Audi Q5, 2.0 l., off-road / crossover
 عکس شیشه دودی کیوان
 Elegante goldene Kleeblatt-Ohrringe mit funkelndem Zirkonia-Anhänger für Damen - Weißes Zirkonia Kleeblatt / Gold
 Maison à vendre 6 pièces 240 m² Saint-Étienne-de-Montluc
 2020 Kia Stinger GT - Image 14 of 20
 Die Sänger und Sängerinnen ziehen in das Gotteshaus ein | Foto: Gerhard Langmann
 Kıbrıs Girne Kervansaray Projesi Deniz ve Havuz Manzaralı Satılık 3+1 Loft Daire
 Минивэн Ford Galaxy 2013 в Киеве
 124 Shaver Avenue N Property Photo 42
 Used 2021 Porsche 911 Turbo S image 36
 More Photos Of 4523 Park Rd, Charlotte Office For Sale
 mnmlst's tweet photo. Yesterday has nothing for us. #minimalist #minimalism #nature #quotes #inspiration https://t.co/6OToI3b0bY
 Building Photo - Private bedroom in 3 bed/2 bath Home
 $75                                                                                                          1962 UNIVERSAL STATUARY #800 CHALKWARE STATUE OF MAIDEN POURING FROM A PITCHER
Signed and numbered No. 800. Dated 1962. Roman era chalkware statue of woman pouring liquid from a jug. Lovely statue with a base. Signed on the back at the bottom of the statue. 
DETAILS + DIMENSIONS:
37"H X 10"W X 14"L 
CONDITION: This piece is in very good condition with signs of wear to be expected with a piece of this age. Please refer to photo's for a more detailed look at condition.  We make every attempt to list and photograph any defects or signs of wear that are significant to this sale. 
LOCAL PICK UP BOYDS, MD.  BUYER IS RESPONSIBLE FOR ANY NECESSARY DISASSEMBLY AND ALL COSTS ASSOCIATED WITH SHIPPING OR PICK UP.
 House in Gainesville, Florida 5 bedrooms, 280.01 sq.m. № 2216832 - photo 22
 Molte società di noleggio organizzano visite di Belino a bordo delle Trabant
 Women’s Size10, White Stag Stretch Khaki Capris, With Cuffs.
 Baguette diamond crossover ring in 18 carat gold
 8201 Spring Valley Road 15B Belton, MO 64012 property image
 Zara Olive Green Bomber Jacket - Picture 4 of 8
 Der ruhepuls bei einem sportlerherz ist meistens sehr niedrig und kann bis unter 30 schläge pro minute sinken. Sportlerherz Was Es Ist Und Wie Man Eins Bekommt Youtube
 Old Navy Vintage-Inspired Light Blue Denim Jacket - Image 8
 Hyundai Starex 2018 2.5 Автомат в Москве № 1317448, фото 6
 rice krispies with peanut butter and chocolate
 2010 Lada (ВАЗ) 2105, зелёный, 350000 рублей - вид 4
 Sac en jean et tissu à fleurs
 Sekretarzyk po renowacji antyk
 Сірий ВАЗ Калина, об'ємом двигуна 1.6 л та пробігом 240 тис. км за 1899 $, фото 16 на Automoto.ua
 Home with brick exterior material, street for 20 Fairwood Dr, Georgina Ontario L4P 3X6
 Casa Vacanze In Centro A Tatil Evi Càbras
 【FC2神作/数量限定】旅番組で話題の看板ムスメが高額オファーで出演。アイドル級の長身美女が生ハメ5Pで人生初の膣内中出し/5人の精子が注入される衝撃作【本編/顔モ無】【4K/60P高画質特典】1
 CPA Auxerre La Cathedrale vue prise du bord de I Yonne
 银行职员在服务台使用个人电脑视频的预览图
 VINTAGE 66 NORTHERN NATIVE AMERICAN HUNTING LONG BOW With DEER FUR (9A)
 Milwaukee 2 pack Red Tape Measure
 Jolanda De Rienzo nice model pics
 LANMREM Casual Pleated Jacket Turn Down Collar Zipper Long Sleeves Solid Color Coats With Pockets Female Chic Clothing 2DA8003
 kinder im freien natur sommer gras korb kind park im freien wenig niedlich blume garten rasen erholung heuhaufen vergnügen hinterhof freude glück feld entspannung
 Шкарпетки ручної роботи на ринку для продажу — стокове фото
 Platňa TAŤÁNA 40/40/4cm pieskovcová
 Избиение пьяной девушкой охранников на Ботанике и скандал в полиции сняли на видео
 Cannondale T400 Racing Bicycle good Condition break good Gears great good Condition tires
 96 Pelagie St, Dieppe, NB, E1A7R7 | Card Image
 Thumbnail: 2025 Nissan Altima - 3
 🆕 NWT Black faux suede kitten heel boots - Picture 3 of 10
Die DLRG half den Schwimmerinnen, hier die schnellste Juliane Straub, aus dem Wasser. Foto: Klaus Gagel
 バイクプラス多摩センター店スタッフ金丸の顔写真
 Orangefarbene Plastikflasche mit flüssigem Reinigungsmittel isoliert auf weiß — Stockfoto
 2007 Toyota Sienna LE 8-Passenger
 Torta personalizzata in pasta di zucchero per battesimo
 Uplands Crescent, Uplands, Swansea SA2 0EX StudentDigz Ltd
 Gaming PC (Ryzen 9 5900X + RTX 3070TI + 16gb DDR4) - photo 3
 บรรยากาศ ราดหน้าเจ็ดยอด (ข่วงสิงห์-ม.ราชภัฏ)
+ + + + + + +
## [PROBLEM REQUIREMENTS]
Copy every line of the data above exactly.

## [COMPLETED EXERCISE]
Audi Q5, 2.0 l., off-road / crossover
 عکس شیشه دودی کیوان
 Elegante goldene Kleeblatt-Ohrringe mit funkelndem Zirkonia-Anhänger für Damen - Weißes Zirkonia Kleeblatt / Gold
 Maison à vendre 6 pièces 240 m² Saint-Étienne-de-Montluc
 2020 Kia Stinger GT - Image 14 of 20
 Die Sänger und Sängerinnen ziehen in das Gotteshaus ein | Foto: Gerhard Langmann
 Kıbrıs Girne Kervansaray Projesi Deniz ve Havuz Manzaralı Satılık 3+1 Loft Daire
 Минивэн Ford Galaxy 2013 в Киеве
 124 Shaver Avenue N Property Photo 42
 Used 2021 Porsche 911 Turbo S image 36
 More Photos Of 4523 Park Rd, Charlotte Office For Sale
 mnmlst's tweet photo. Yesterday has nothing for us. #minimalist #minimalism #nature #quotes #inspiration https://t.co/6OToI3b0bY
 Building Photo - Private bedroom in 3 bed/2 bath Home
 $75                                                                                                          1962 UNIVERSAL STATUARY #800 CHALKWARE STATUE OF MAIDEN POURING FROM A PITCHER
Signed and numbered No. 800. Dated 1962. Roman era chalkware statue of woman pouring liquid from a jug. Lovely statue with a base. Signed on the back at the bottom of the statue. 
DETAILS + DIMENSIONS:
37"H X 10"W X 14"L 
CONDITION: This piece is in very good condition with signs of wear to be expected with a piece of this age. Please refer to photo's for a more detailed look at condition.  We make every attempt to list and photograph any defects or signs of wear that are significant to this sale. 
LOCAL PICK UP BOYDS, MD.  BUYER IS RESPONSIBLE FOR ANY NECESSARY DISASSEMBLY AND ALL COSTS ASSOCIATED WITH SHIPPING OR PICK UP.
 House in Gainesville, Florida 5 bedrooms, 280.01 sq.m. № 2216832 - photo 22
 Molte società di noleggio organizzano visite di Belino a bordo delle Trabant
 Women’s Size10, White Stag Stretch Khaki Capris, With Cuffs.
 Baguette diamond crossover ring in 18 carat gold
 8201 Spring Valley Road 15B Belton, MO 64012 property image
 Zara Olive Green Bomber Jacket - Picture 4 of 8
 Der ruhepuls bei einem sportlerherz ist meistens sehr niedrig und kann bis unter 30 schläge pro minute sinken. Sportlerherz Was Es Ist Und Wie Man Eins Bekommt Youtube
 Old Navy Vintage-Inspired Light Blue Denim Jacket - Image 8
 Hyundai Starex 2018 2.5 Автомат в Москве № 1317448, фото 6
 rice krispies with peanut butter and chocolate
 2010 Lada (ВАЗ) 2105, зелёный, 350000 рублей - вид 4
 Sac en jean et tissu à fleurs
 Sekretarzyk po renowacji antyk
 Сірий ВАЗ Калина, об'ємом двигуна 1.6 л та пробігом 240 тис. км за 1899 $, фото 16 на Automoto.ua
 Home with brick exterior material, street for 20 Fairwood Dr, Georgina Ontario L4P 3X6
 Casa Vacanze In Centro A Tatil Evi Càbras
 【FC2神作/数量限定】旅番組で話題の看板ムスメが高額オファーで出演。アイドル級の長身美女が生ハメ5Pで人生初の膣内中出し/5人の精子が注入される衝撃作【本編/顔モ無】【4K/60P高画質特典】1
 CPA Auxerre La Cathedrale vue prise du bord de I Yonne
 银行职员在服务台使用个人电脑视频的预览图
 VINTAGE 66 NORTHERN NATIVE AMERICAN HUNTING LONG BOW With DEER FUR (9A)
 Milwaukee 2 pack Red Tape Measure
 Jolanda De Rienzo nice model pics
 LANMREM Casual Pleated Jacket Turn Down Collar Zipper Long Sleeves Solid Color Coats With Pockets Female Chic Clothing 2DA8003
 kinder im freien natur sommer gras korb kind park im freien wenig niedlich blume garten rasen erholung heuhaufen vergnügen hinterhof freude glück feld entspannung
 Шкарпетки ручної роботи на ринку для продажу — стокове фото
 Platňa TAŤÁNA 40/40/4cm pieskovcová
 Избиение пьяной девушкой охранников на Ботанике и скандал в полиции сняли на видео
 Cannondale T400 Racing Bicycle good Condition break good Gears great good Condition tires
 96 Pelagie St, Dieppe, NB, E1A7R7 | Card Image
 Thumbnail: 2025 Nissan Altima - 3
 🆕 NWT Black faux suede kitten heel boots - Picture 3 of 10
Die DLRG half den Schwimmerinnen, hier die schnellste Juliane Straub, aus dem Wasser. Foto: Klaus Gagel
 バイクプラス多摩センター店スタッフ金丸の顔写真
 Orangefarbene Plastikflasche mit flüssigem Reinigungsmittel isoliert auf weiß — Stockfoto
 2007 Toyota Sienna LE 8-Passenger
 Torta personalizzata in pasta di zucchero per battesimo
 Uplands Crescent, Uplands, Swansea SA2 0EX StudentDigz Ltd
 Gaming PC (Ryzen 9 5900X + RTX 3070TI + 16gb DDR4) - photo 3
 บรรยากาศ ราดหน้าเจ็ดยอด (ข่วงสิงห์-ม.ราชภัฏ)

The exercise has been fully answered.